Social security investment returns down sharply
Updated: 2012-06-15 16:01
By Chen Jia (chinadaily.com.cn)
The equity investment returns of China's social security fund decreased sharply in 2011 to 0.84 percent from 4.23 percent in 2010, driving the fund manager to focus future plans on industrial sectors, the annual report of the fund holder said.
By the end of last year, the total asset value managed by the National Council for the Social Security Fund was 868.8 billion yuan ($136.5 billion), including a 504.1 billion yuan direct investment asset that accounted for 58.02 percent of the whole capital, the report said.
China's gloomy stock markets in 2011, with the Shanghai Composite Index dropping more than 20 percent, was a drag on the investment returns of the fund, analysts said.
“The fund will boost industrial investment and support real economic development in the future,” said the council.

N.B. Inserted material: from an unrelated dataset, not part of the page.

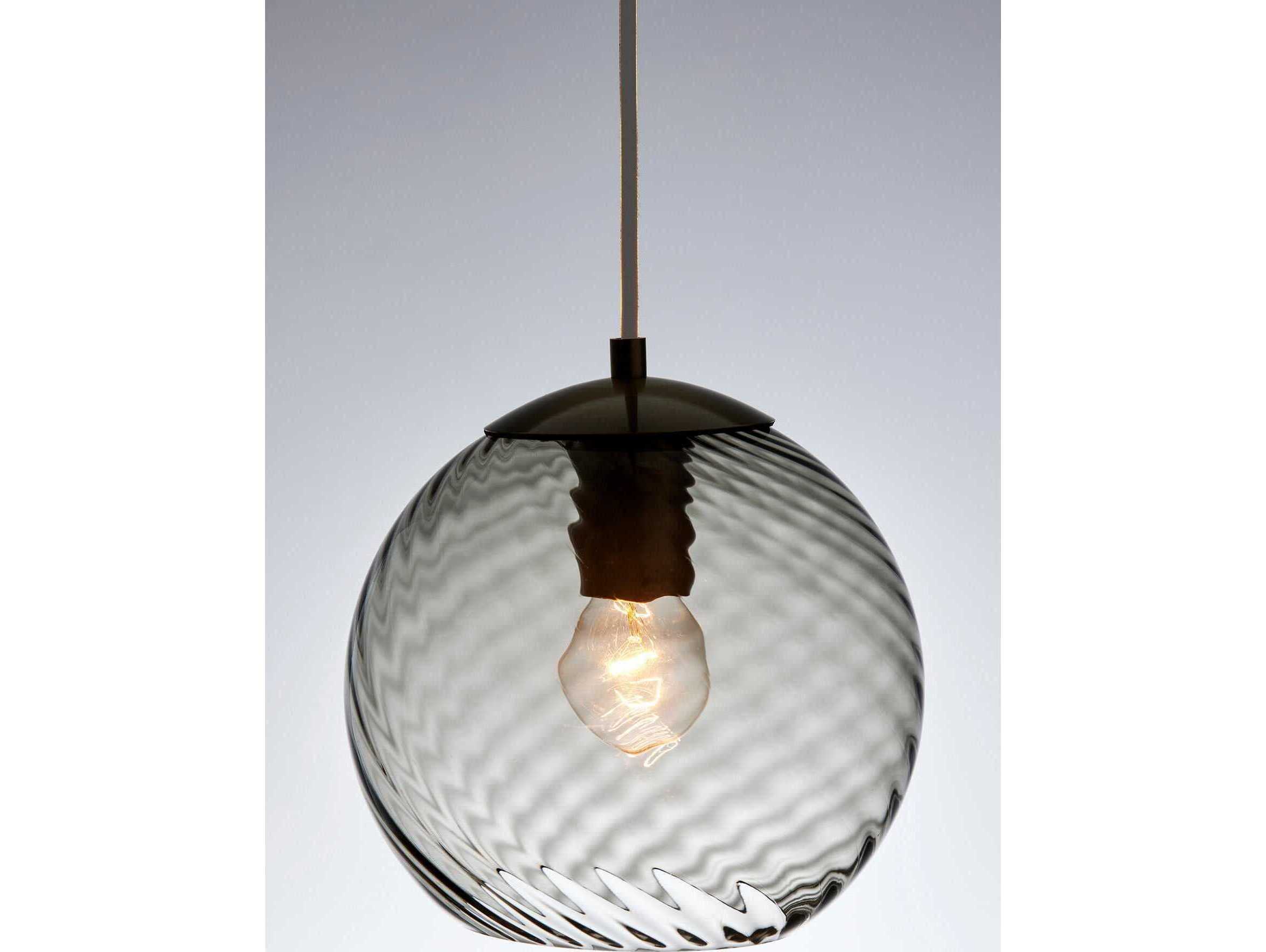 Adesso Camden Antique Brass Globe Mini Pendant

The industrial investment part may increase to 250 billion yuan in the next three years, almost double of the current amount.
The National Council for the Social Security Fund started investing in shares in June 2003.
The cumulative return of the share investment was 132.6 billion yuan in the past eight years, 46 percent of the total earned by the fund, the report said.
Dai Xianglong, chairman of the National Council for the Social Security Fund, said earlier that investment in stocks should be very cautious, aiming to get long-term and stable returns.